▶ **THE PROBLEM**:
Below are the records. Restate word for word every line from the one that contains "Persian Turquoise in European Silver Ring" through the final line, both included.

----- THE DATA -----

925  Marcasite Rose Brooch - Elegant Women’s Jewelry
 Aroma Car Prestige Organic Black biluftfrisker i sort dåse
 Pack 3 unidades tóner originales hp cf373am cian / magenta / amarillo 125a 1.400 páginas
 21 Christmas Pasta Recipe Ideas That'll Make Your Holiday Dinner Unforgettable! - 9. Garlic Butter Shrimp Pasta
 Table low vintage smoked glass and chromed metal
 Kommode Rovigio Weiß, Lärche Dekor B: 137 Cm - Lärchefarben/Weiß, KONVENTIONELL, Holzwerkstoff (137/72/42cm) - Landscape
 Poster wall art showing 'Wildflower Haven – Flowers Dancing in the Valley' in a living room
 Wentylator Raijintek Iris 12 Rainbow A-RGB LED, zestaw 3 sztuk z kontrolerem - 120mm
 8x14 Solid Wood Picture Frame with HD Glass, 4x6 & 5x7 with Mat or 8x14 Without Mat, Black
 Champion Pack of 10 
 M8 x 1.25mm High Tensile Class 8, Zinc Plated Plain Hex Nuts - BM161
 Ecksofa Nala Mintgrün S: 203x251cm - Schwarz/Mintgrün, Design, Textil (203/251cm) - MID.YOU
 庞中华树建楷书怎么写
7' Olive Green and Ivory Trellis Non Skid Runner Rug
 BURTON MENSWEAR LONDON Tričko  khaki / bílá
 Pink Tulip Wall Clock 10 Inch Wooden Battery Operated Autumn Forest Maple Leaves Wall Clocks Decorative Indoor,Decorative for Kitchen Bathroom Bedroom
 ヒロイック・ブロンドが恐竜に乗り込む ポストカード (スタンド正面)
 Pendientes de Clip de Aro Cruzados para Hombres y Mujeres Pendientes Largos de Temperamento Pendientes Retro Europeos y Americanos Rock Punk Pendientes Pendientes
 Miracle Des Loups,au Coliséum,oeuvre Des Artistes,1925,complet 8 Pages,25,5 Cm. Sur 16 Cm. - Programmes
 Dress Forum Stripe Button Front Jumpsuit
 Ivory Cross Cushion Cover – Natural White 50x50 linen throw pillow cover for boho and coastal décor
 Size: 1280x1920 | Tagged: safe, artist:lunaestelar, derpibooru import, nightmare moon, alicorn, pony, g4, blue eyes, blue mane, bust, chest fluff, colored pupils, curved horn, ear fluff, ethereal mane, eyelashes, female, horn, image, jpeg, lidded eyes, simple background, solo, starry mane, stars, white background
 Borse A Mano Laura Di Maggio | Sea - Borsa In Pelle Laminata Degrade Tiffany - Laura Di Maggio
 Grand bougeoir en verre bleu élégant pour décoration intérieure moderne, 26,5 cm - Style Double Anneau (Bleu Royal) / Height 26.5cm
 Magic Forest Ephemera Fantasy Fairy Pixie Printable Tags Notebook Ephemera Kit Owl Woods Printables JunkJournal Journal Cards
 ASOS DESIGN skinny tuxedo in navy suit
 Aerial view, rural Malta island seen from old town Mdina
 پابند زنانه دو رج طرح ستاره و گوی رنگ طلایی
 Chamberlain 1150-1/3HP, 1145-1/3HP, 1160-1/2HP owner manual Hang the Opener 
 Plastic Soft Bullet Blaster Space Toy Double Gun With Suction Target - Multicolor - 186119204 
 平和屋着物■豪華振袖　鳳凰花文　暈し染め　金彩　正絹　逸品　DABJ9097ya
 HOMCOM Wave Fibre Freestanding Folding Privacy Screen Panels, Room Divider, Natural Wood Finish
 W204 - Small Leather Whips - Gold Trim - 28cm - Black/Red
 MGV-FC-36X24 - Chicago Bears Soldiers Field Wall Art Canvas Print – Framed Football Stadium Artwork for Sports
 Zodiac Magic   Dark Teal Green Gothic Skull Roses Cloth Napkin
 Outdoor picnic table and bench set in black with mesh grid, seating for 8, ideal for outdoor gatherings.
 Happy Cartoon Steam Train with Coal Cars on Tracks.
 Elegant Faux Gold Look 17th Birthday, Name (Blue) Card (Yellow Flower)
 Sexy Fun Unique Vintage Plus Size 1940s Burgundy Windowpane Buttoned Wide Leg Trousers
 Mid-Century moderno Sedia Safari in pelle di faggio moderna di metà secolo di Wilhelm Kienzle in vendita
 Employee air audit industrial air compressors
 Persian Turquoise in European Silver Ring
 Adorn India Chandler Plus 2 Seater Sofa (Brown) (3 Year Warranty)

-----

▶ **RESPONSE AREA**:
 Persian Turquoise in European Silver Ring
 Adorn India Chandler Plus 2 Seater Sofa (Brown) (3 Year Warranty)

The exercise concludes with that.